> **Instructions to follow**
Please transcribe the data that follows exactly as given, leaving out every picture.

> **Data segment**
◇ ◇ ◇ ◇

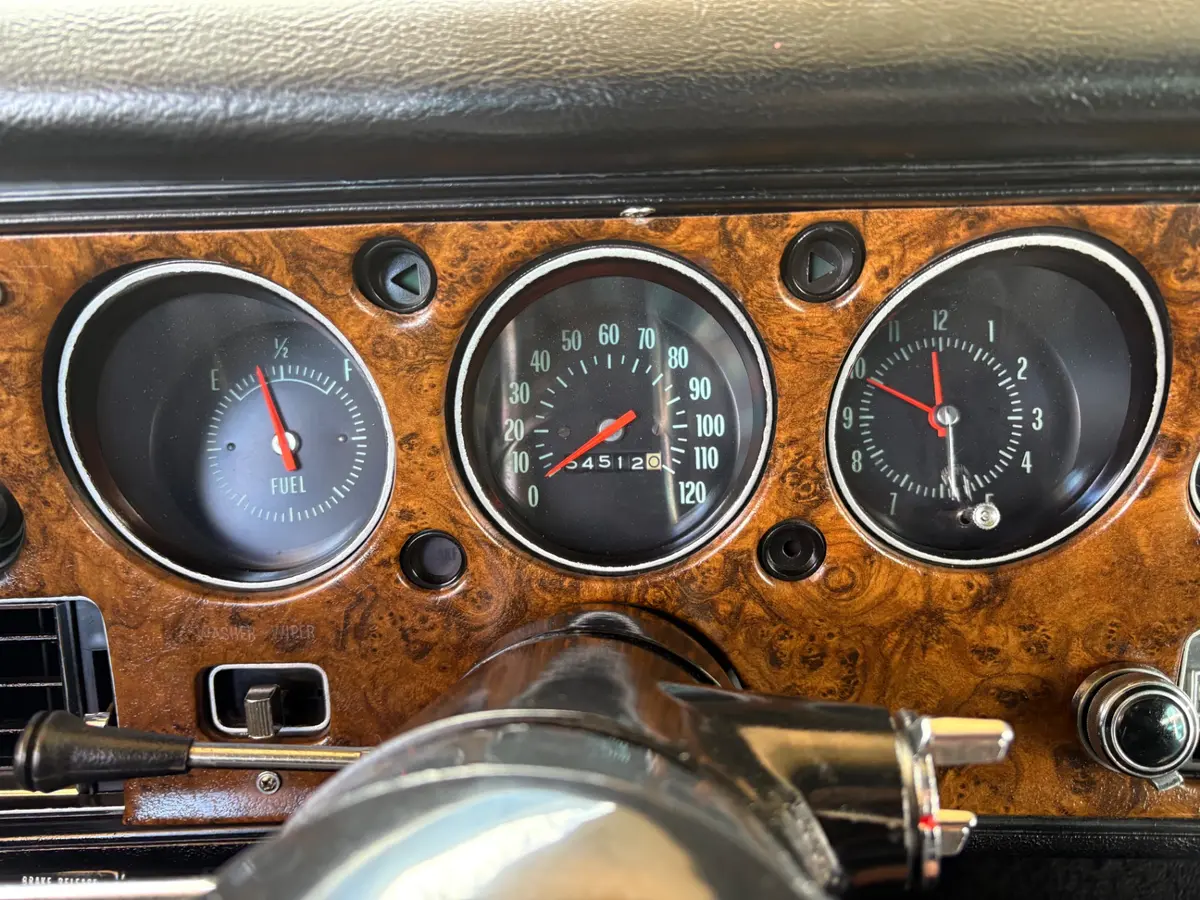 Vehicle photo 59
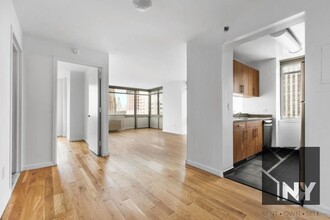 2 Maiden Ln in New York, NY - Building Photo - Building Photo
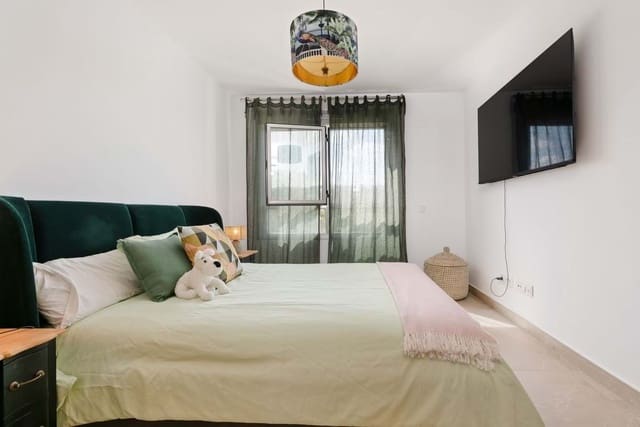 Casa de 3 habitaciones en Estepona en venta con piscina garaje - 460.000 € (Ref: 9320042)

◇ ◇ ◇ ◇

> **Result for this task**
 Vehicle photo 59
 2 Maiden Ln in New York, NY - Building Photo - Building Photo
 Casa de 3 habitaciones en Estepona en venta con piscina garaje - 460.000 € (Ref: 9320042)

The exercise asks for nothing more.